- _Task prompt_: Could you give the number of lines in the entries below that contain the word "Guide"? Only the number is wanted.

—————

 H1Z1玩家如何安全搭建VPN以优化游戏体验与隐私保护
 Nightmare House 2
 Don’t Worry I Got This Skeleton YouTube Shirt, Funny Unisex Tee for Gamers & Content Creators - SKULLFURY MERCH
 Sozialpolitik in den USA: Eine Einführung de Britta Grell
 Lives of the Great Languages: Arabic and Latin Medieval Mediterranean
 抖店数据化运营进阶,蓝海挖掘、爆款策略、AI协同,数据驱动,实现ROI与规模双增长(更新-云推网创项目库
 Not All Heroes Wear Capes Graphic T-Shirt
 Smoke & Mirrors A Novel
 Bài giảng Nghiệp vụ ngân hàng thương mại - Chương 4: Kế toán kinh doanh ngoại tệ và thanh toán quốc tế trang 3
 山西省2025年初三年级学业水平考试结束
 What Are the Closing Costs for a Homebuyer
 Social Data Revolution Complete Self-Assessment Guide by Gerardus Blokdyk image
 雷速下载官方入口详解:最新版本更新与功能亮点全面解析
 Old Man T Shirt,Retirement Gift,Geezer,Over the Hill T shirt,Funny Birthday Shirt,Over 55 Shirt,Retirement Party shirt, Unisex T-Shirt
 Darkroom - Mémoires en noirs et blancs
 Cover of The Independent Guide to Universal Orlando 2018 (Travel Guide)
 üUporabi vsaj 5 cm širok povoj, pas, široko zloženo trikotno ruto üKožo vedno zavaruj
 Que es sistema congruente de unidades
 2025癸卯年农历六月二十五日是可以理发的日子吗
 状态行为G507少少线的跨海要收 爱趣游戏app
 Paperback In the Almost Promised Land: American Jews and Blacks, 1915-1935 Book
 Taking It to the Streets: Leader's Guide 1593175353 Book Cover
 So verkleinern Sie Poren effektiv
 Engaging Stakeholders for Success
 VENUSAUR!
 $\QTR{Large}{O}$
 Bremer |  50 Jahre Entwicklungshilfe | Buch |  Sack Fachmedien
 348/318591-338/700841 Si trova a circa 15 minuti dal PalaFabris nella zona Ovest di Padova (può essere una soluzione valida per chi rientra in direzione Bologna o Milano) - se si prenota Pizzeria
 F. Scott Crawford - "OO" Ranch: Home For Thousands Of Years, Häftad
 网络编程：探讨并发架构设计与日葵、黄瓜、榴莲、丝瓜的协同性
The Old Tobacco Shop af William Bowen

—————

- _Your response_: 3